A norma padrão exerce diferentes graus de pressão para que os indivíduos tentem seguir ao máximo possível suas regras. Quanto maior o grau de escolarização e mais culto for um indivíduo, maior é a pressão que a norma faz sobre ele, quanto menor a escolarização, menor a pressão. O falante menos culto desconhece todas as regras, e esse afã de ter que falar “corretamente” simplesmente não existe.
São duas mãos: enquanto a norma padrão exerce pressão para que os falantes mais cultos sigam seu rigor, os falantes menos cultos ditam as mudanças que a norma padrão irá sofrer ao longo do tempo. A norma, por mais que seja rígida, também muda.
Compreendendo agora todos esses fenômenos linguísticos que o autor explicou, faz-se uma crítica sobre o ensino brasileiro. Os mais de 60 milhões (na época em que foi escrito o livro) de analfabetos funcionais no Brasil mostram bem o reflexo dessa pressão que a gramática normativa faz para continuar a alimentar seu controle. Fazer o aluno decorar listas de pronomes coletivos, regências e formas verbais que não se usam mais no português brasileiro (o caso do “vós”), tentar fazer com que o aluno apenas decore, e não aprenda, assimile e utilize a língua, é o que faz com que o ensino brasileiro esteja ente os piores do mundo.
É necessário repensar o ensino, fazer com que primeiro o aluno tenha domínio sobre a utilização efetiva e eficaz da língua para depois fazê-lo decorar as regras que estão em desuso no país. Fazer com que o aluno compreenda os fenômenos que ocorrem com a língua que ele mesmo fala, para que ele possa refletir e então absorver a forma “padrão” não seria mais eficaz do que tentar ensinar uma língua estrangeira (português padrão) a ele?
No fim, a norma culta, o português padrão, não cumpre seu papel de ascensão social e cultural do indivíduo. Pelo contrário, só reforça o sistema de opressão que as classes menos favorecidas sofrem e serve como um verdadeiro arame farpado que bloqueia o acesso dos indivíduos ao poder. Chamar os falantes de português não padrão de selvagens, asnos e burros é uma forma de manter o cabresto e vender o peixe: vocês precisam da nossa língua, a melhor, a correta e tem que ser essa para que sejam civilizados e humanos. Dessa forma, os que dominam a língua padrão dominam o restante que não consegue compreender esse monte de regras desnecessárias.
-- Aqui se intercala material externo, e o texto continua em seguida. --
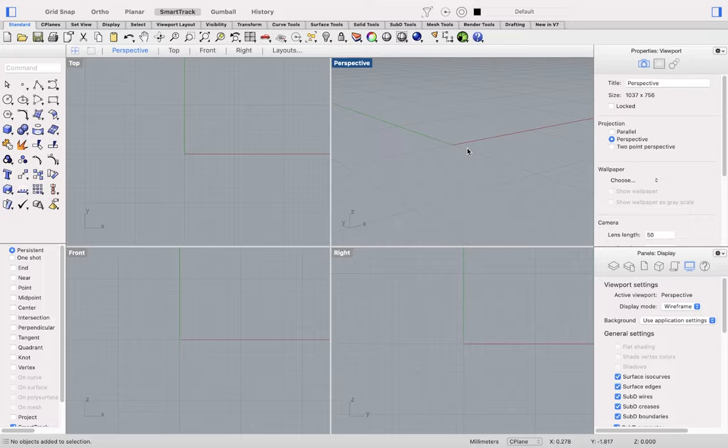And that's an overview of the Rhino 7 for Mac user interface. Thanks for watching.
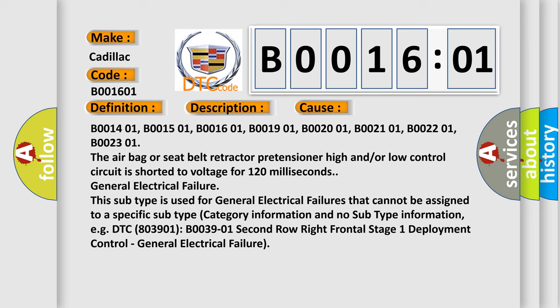The airbag or seat belt retractor pretensioner high and/or low control circuit is shorted to voltage for 120 milliseconds.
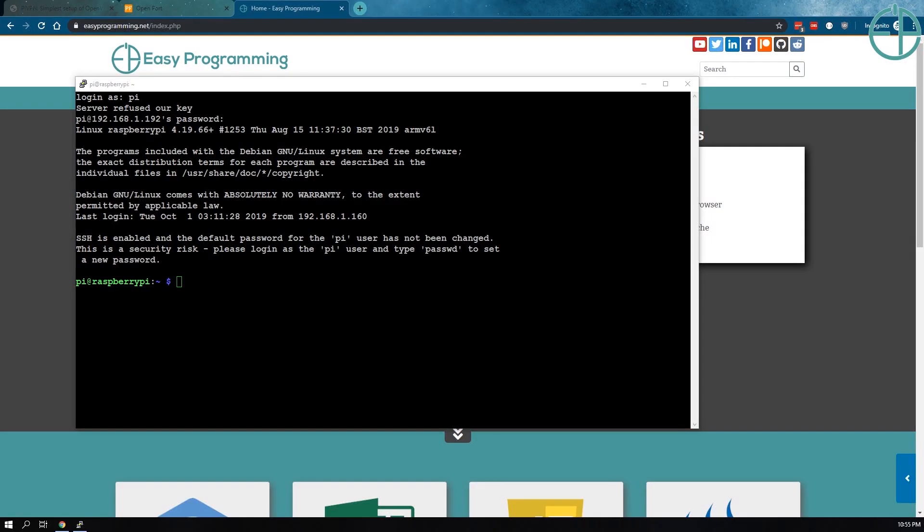Hey there, welcome to another Raspberry Pi tutorial, part of EasyProgramming.net. It's been a few months since my last Raspberry Pi tutorial, but I finally settled and I've come to you with a brand new giveaway.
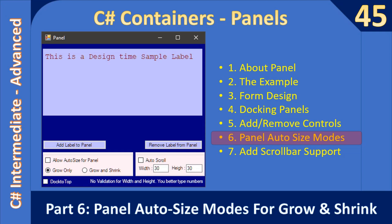Hello friends, welcome to the C# intermediate to advanced tutorial. In this video we are going to learn about panel AutoSize and how AutoSize mode works. Just like the label control, once you set AutoSize the panel will resize based on the content added to the panel. When controls exceed the panel edge it will automatically grow, and when controls are removed the panel will shrink. All these steps are decided by the AutoSize and AutoSizeMode properties.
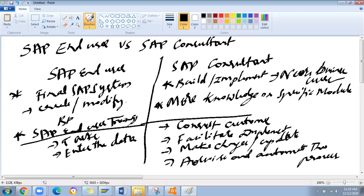Finally, the major question: what is the salary? I'm not 100% sure — this is approximately based on my connections and people around me. An SAP end user fresher or someone with one to two years of experience can expect around two to three lakhs per annum in India. For an SAP consultant fresher, it starts from three to three-and-a-half to four lakhs, and it depends on the company, education background, knowledge, exposure to different scenarios, and business knowledge.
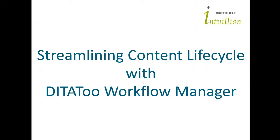Hi, this is Alex Masichev of Intuillion, the developers of DITAToo CMS. In the next few minutes, I am going to show you how DITAToo Workflow Manager can help you streamline the lifecycle of your content.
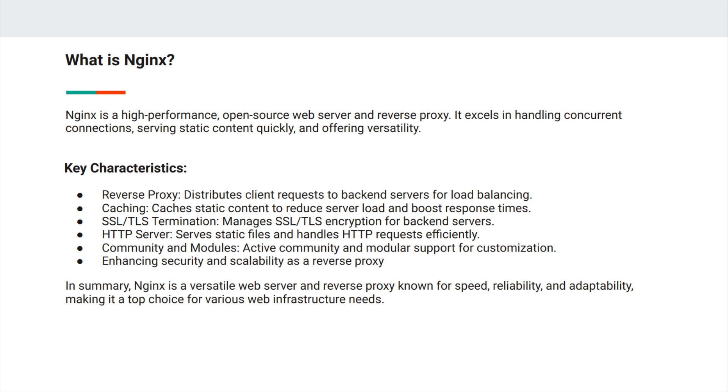It excels in handling concurrent connections, serving static content quickly, and offering versatility. For the key characteristics we can name reverse proxy, caching, SSL termination, HTTP server, community and modules, and enhancing security and scalability as a reverse proxy. As a reverse proxy, it distributes client requests to back-end servers for load balancing.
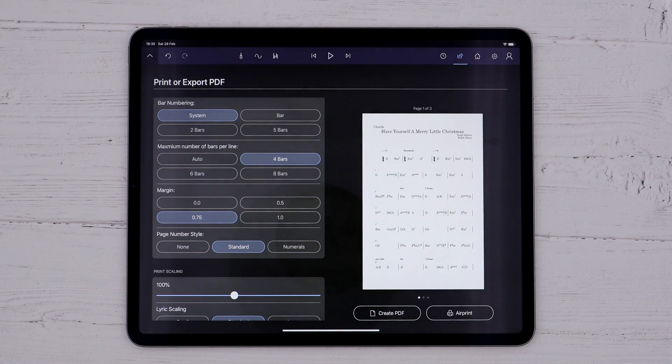I hope you'll agree that the various ways of working with chords in StaffPad are powerful and flexible. That's it for this video, and I'll see you in the next one.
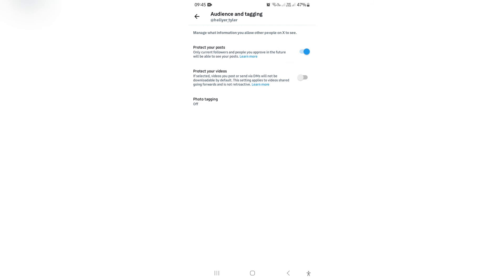So you want to go ahead and toggle that on, and now you are done. Your likes are now hidden on the X app, formerly known as Twitter.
Perpetuar essa “violência” preconceituosa com esse ensino tradicional de gramática sem contextos e sem reflexões é continuar negando aos sujeitos o direito que eles possuem de tentar mudar sua situação, e assim mantê-los sob o julgo dos “poderosos padrões”.
O autor simplifica a linguagem dos estudos científicos e descobertas linguísticas já realizadas para que qualquer pessoa alfabetizada possa entender as teorias que perpassam a sociolinguística. Essa desmistificação da ciência e elucidação dos fenômenos naturais da língua coloca Bagno entre ‘os mais desprezados’ por gramáticos e defensores do tradicional português padrão, sendo chamado sempre de ‘linguista radical’.
O que uma parte das pessoas não compreende, é que Bagno não quis ditar novas regras sobre como escrever e falar, ele apenas explicou alguns fenômenos pra que possamos compreender o porquê as pessoas têm falas tão distintas de diferentes, mas que mesmo assim, têm muito em comum: o código linguístico. Aprender a norma é importante, porém compreender os processos da língua é fundamental para desfazermos os preconceitos contas os chamados de “asnos”, “caipiras” e “ignorantes” pelos gramáticos tradicionais, e fazer com que os falantes do português não-padrão tenham finalmente a democratização real do ensino.